===== Dataset excerpts =====

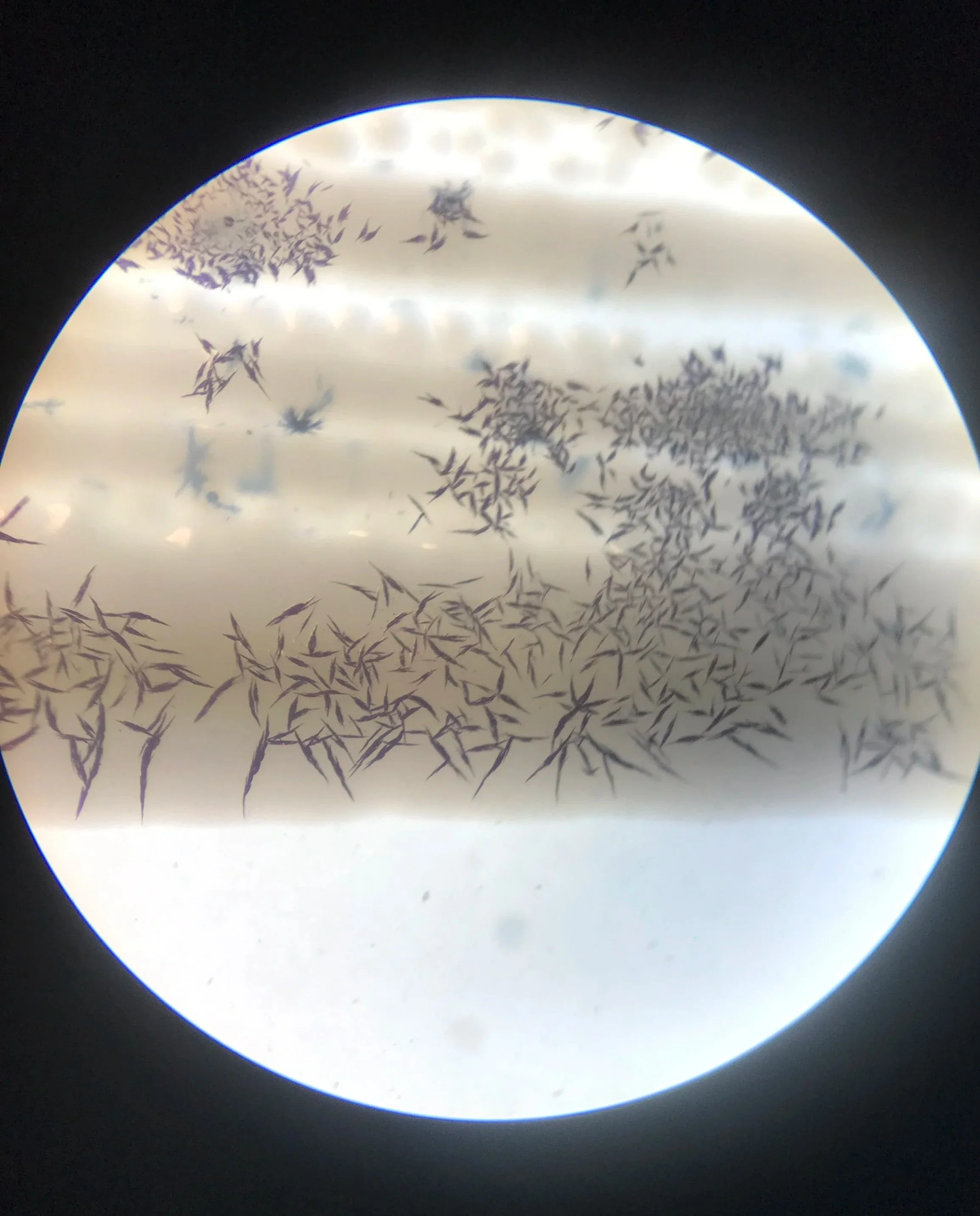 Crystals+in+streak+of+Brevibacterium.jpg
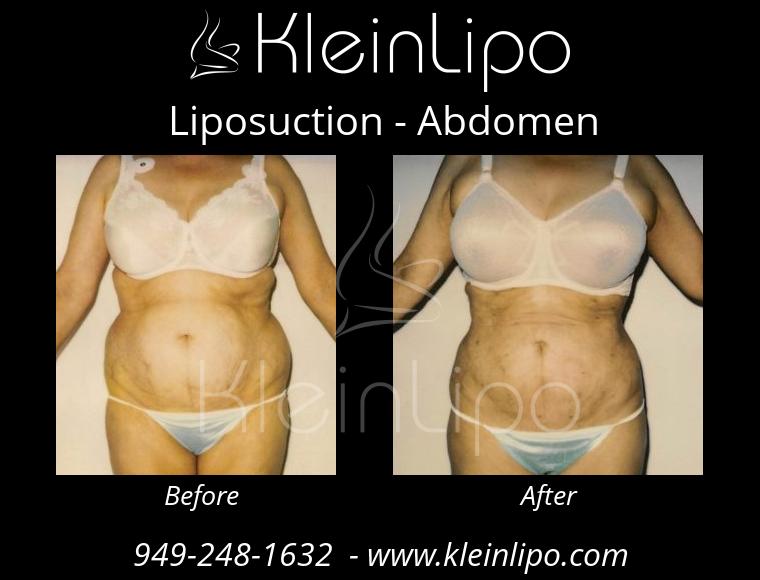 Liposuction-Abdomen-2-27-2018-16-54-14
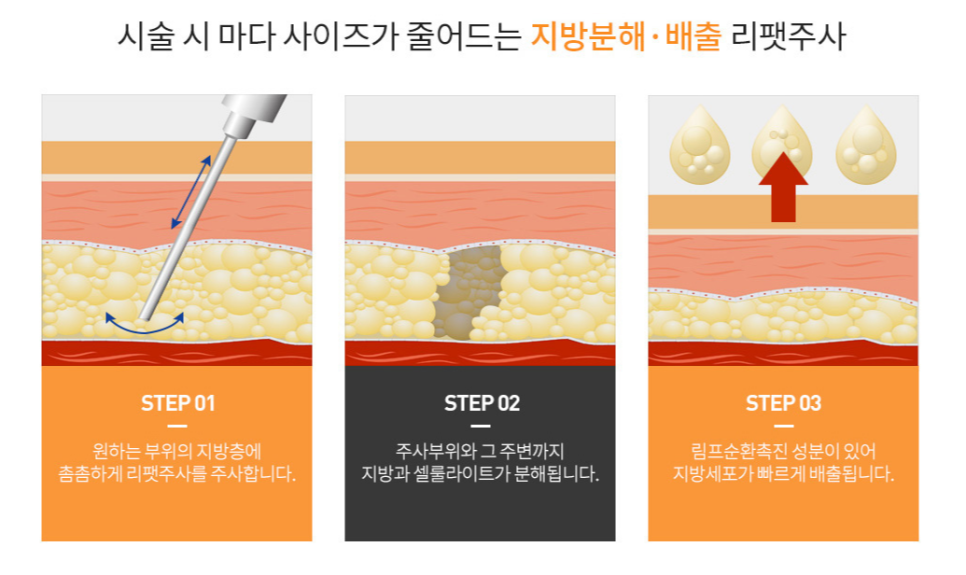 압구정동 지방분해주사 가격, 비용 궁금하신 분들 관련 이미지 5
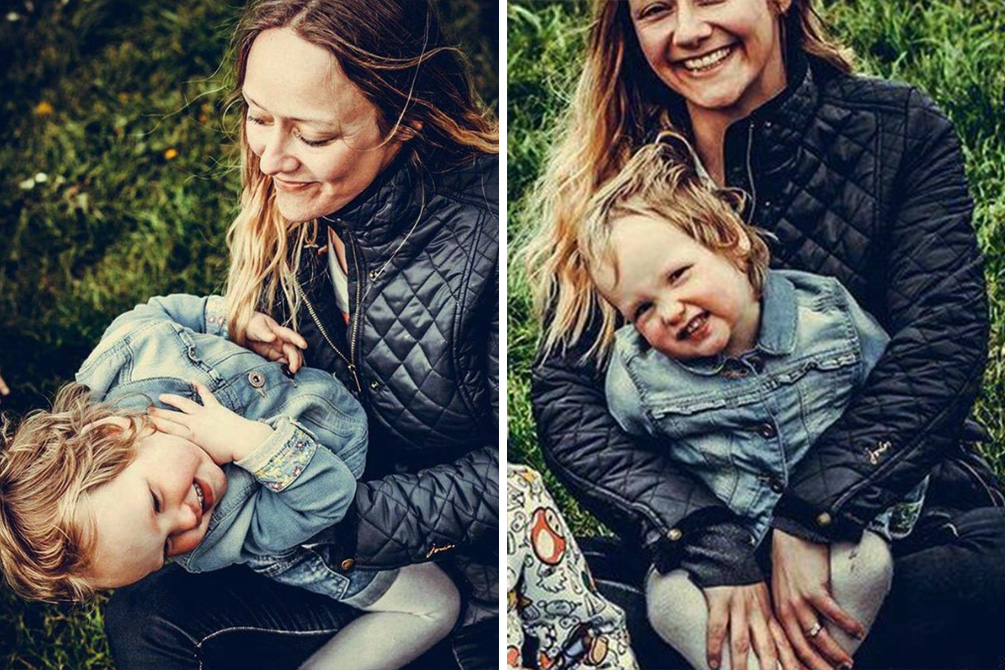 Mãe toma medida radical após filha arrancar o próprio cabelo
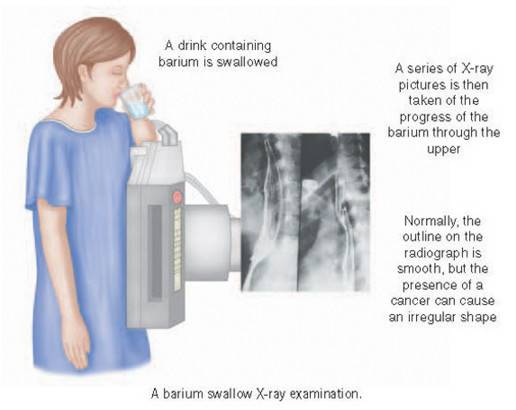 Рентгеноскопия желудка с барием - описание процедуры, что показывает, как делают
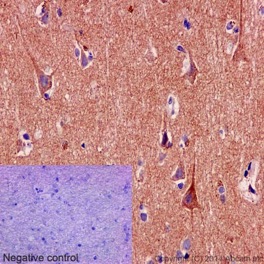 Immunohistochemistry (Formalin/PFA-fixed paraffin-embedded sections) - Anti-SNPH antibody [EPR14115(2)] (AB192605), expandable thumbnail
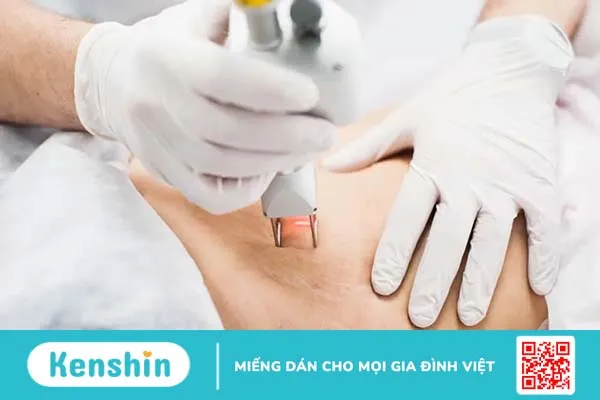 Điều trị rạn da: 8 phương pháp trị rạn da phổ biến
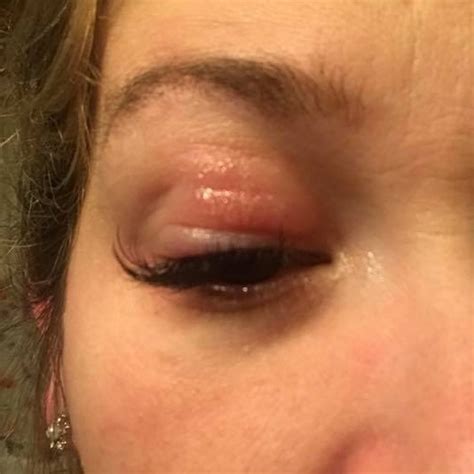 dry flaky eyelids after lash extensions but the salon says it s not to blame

=====

Description of the task
A word-for-word copy is needed of the lines from the line holding "Điều trị rạn" through the end of the records, both included, excluding every picture.

Response
 Điều trị rạn da: 8 phương pháp trị rạn da phổ biến
 dry flaky eyelids after lash extensions but the salon says it s not to blame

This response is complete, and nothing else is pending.